Objective: To evaluate the relationship of amyloid and cerebrovascular disease (CVD) to cognitive state in a
population with high vascular risk.
Methods: Subjects enrolled in two vascular-focused studies of cognition underwent PIB-PET and MRI (n=23,
mean age 79.8±7.8 years, 91% with vascular risk factors). PIB DVR images (Logan, cerebellar reference) were
classified as positive (PIB+) or negative (PIB-) based on visual reads and MRI scans were rated for the presence of
infarcts, all blinded to clinical data. Subjects were classified as having cerebrovascular disease (CVD+) if there was
a clinical history of stroke/TIA or an infarct on MRI. Patients with a CDR≥0.5 were considered cognitively impaired
(n=14/23, median CDR=0.5).
Results: 10/23 subjects had PIB+ scans (mean PIB Index 1.31±0.30, versus 0.95±0.05 in PIB- scans, p<0.001).

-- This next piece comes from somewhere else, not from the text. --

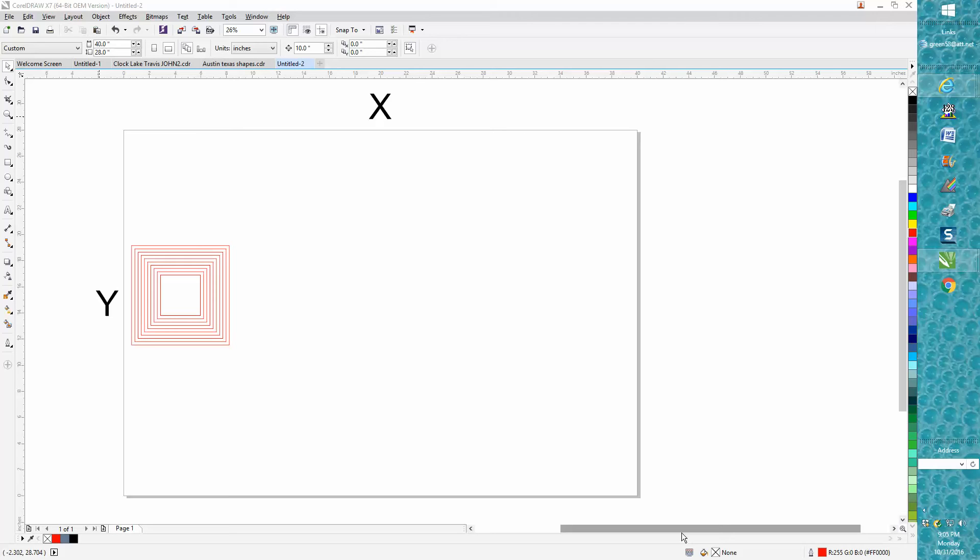Hi it's me again with CorelDRAW Tips and Tricks and I don't really know what I'm going to call this video tonight. If you've watched enough of my videos you know that I have my duplicate offset at zero zero.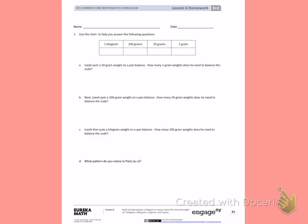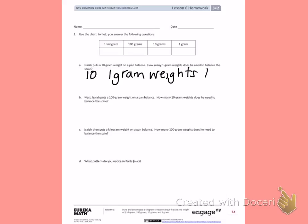Use the chart to help you answer the following questions. Part A: Isaiah puts a 10 gram weight on a pan balance. How many 1 gram weights does he need to balance the scale? We know that it takes 10 one-gram weights to equal 10 grams, because we're counting by 1's until we get to 10.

Highest regional uptake in PIB+ scans was in the precuneus (mean DVR 1.40±0.35). 16/23 subjects were CVD+
(50% with lacunar infarcts, 25% with cortical infarcts and 25% with both). Cognitive impairment was found in 1/6
CVD-/PIB-, 5/7 CVD+/PIB-, 0/1 CVD-/PIB+ and 8/9 CVD+/PIB+ subjects (χ2=9.77, p=0.02). In a logistic regression
that included cognitive impairment as the outcome and PIB, CVD, age and education as predictors, cognitive
impairment was associated with CVD+ (odds ratio=32, 95% confidence interval 1.5-694, p=0.03) but not with
PIB+ status (p=0.78). A trend for an association between CVD+ and cognitive impairment remained after excluding
subjects with cortical infarcts (p=0.08).
Conclusions: In this small, mildly impaired, elderly cohort enriched for vascular disease, CVD was more strongly
linked to cognition than was amyloid. CVD is often viewed as a secondary factor in cognitive impairment, but this
data suggests it is not infrequently the primary cause of mild impairment. Further studies are needed to determine
the relative contributions of amyloid and CVD to changes in cognition and brain structure, and function.
Potential conflicts of interest: Nothing to report.
Funding: Supported by the National Institute on Aging P01-AG12435, R01-AG031563, R01-AG10129,
K23-AG031861; Alzheimer’s Association ZEN-08-87090.